The only way to test this is to go step by step like I did above, testing from as many points along the routing path as you can to see where the latency is coming from.

I’m not sure where you are based, but obviously you’re not in the states. So we’re likely looking at intercontinental traffic and that brings a few extra gotchas.

I have a Fusionhub in a datacenter in LA. If I ping its WAN IP from my PC here its 202ms. If I ping the Fusionhub from another Fusionhub hosted in a UK datacenter its 144ms. If i ping the LAN IP of the LA Fusionhub over speedfusion i get 167-173ms.

So the question becomes - why is the latency lower over SpeedFusion compared to direct via my ISP?

Its all down to relationships between the network operators their infrastructure and the firms that run the intercontinental links and their infrastructure.

we know latency rises as the number of links traversed increases and as the traffic over those links increases to the point of saturation. What is less obvious perhaps is that our ISPs will ultimately pay for the amount of bandwidth they use on the transatlantic links, and as such they manage the traffic across those links. They have DPI tools & load balancing methodologies (and other approaches to traffic management I’m sure) that all add latency to the traffic. They also have different routing paths between countries and continents.

Here are the tracerts that show that best:
Via my SpeedFusion VPN:
image

  1. is my local router
  2. is my UK Fusionhub SF endpoint
  3. is a firewall appliance I use
    4 is the remote (LA) Fusionhub SF endpoint
  4. is the LAN IP of the FH.

So total of 166-171ms Latency (36-46ms between me and the UK datacenter) and as expected the bulk of that latency (125ms - 130ms) is added when traffic hops across the intercontinental link between the fusionhubs.

Now lets look at the tracert between my router here and the WAN of the LA Fusionhub - so traffic passing direct over the respective ISPs infrastructure.

This time we have 17 hops
1-6 are routers within my ISP (22-23ms)
7-13 is an ISP out of Stockholm that my ISP has a peering relationship with (196+ ms)
14 is the datacenter ingress point in LA
15-16 is the datacentre infrastructure routers
17 is the WAN IP of the FH (hops 14-17 add very little additional latency)

We can see that traffic is routed from me in Exeter to London > Hamburg > Denmark > New York > LA.

So a total of 200-205ms latency. 27-31ms of which is between me and my ISPs egress router in London. The rest (180ms ish) is between london and my datacenter in LA over the peering network that is operated by Telia.net

Whats interesting is that if I run a tracert from my virtual firewall in the UK datacenter to the WAN IP of the LA fusionhub i see that the traffic also goes via Telia.net but before it gets to Telia.net infrastructure, the traffic passes through another ISP router in London operated by centurylink (formerly level3.net).
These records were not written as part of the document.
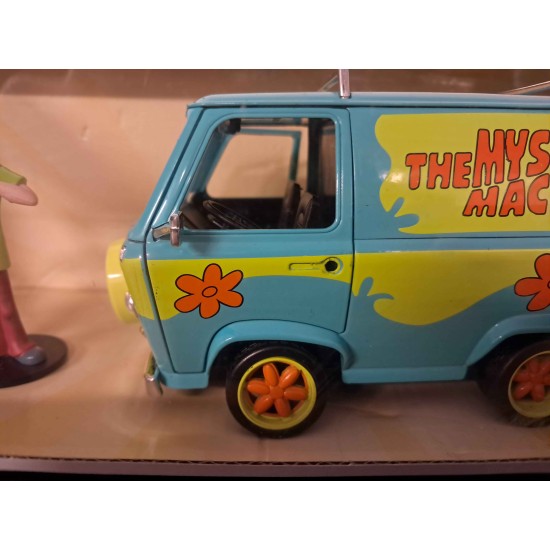 1/24 SCOOBY DOO MYSTERY MACHINE SHAGGY AND SCOOBY FIGURES DOOR HANDLE MISSING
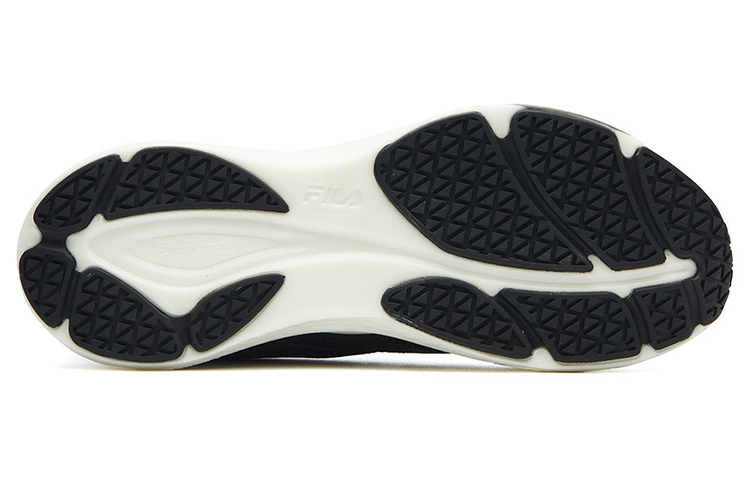 Shop 휠라 헤리티지 로우 블랙/레드 (FHT 제외 - 익숙한 브랜드이므로) A12M132208FBK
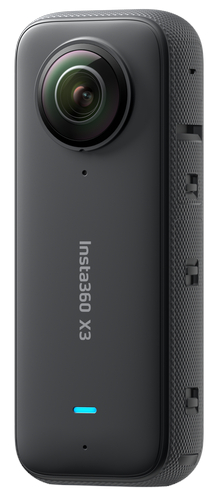 Czarna kamera Insta360 X3. To długie, prostokątne urządzenie z obiektywem i niebieskim światłem.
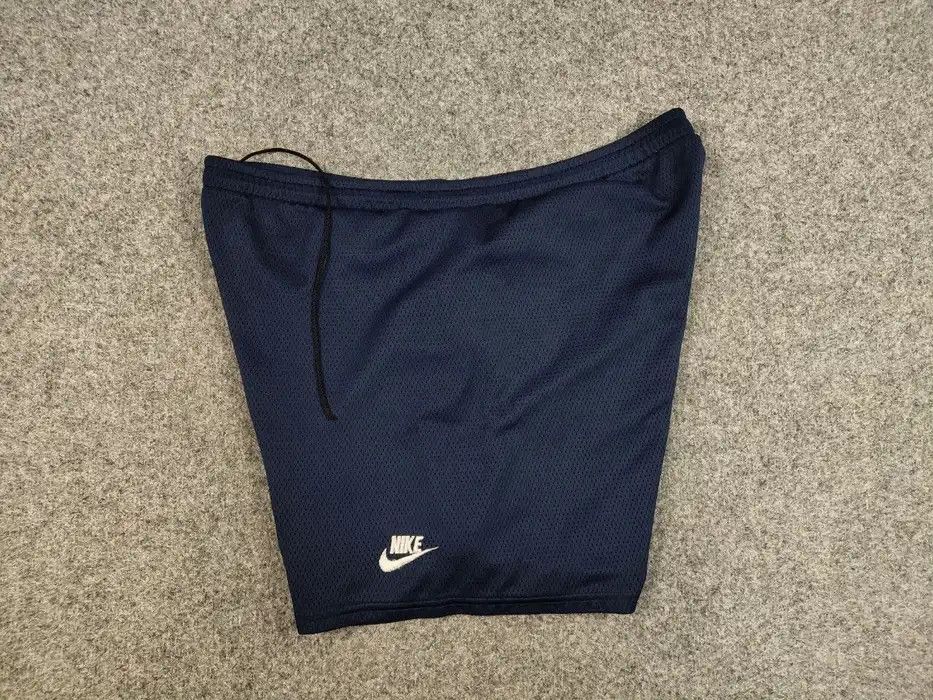 Nike 🌌Vintage Nike Shorts Blue Logo swoosh casual Y2K Streetwear Size US 36 / EU 52 - 1 Thumbnail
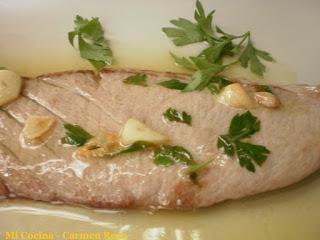 VENTRESCA DE ATUN ROJO A LA PLANCHA CON AJOS, LIMON Y PEREJIL
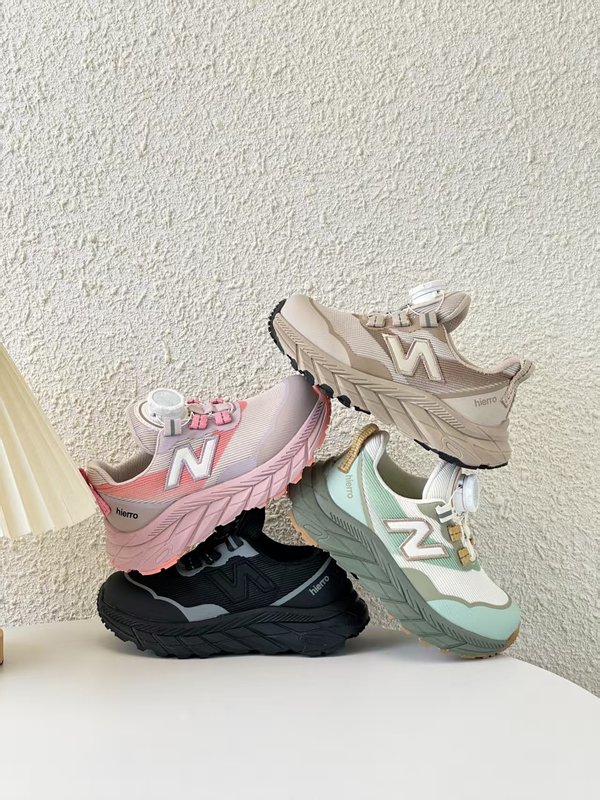 뉴발란스 Fresh Foam X Hierro v9 아동 001-284789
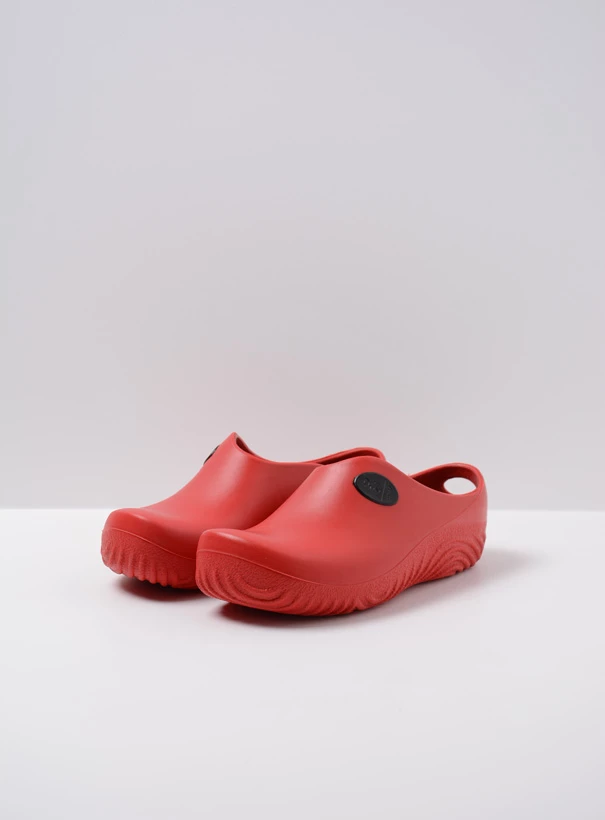 wolky clogs 02550 ok clog 90500 red pu front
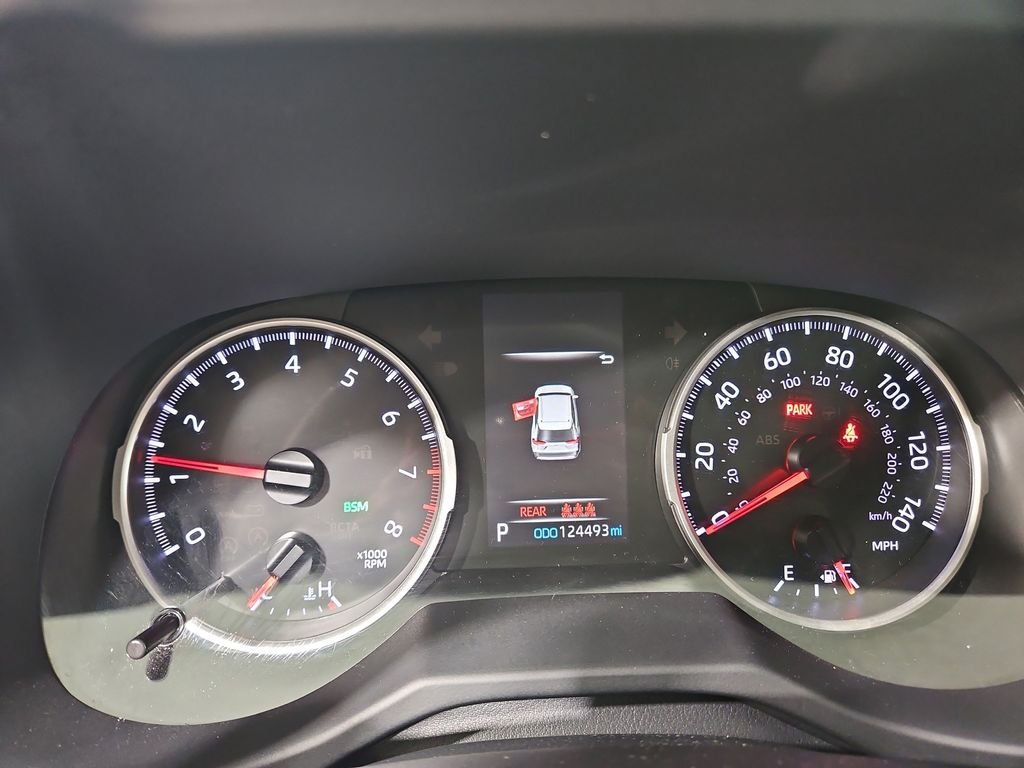 Used 2021  Toyota XLE image 16
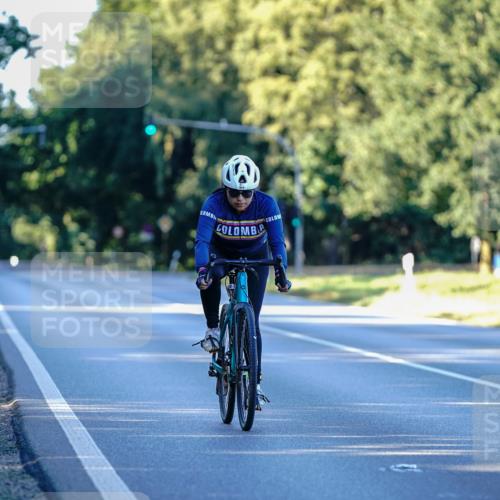 07.09.2025 - 19. Norderstedt Triathlon Michael Burmester http://msf.ph/oto/8833217 07.09.2025 16:40:50 Radfahren 954 meine-sportfotos.de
If we look at the GeoIP data we see the route this time is: Exeter > London> Chicago >LA

image

And there we have the reason for the lower latency between the fusionhubs - distance and hops.

Traffic sent via my ISP travels via a longer route - via europe, traffic sent between the Fusionhubs travels direct from London to Chicago and onwards to LA without the european detour.

Why? Because my datacenter operator has a commercial relationship with centurylink (who have another relationship with Telia), who provide a lower latency more direct route to the same datacenters LA location.

That’s why, when we build international and intercontinental SpeedFusion SDNs for our customers here at Slingshot6 we never do that by directly peering devices hosted in different countries via their own in country ISP networks. Instead we always build out FusionHubs as local points of presence in local datacenters in the host countries first to take advantage of higher quality lower latency intercontinental links between those datacenters.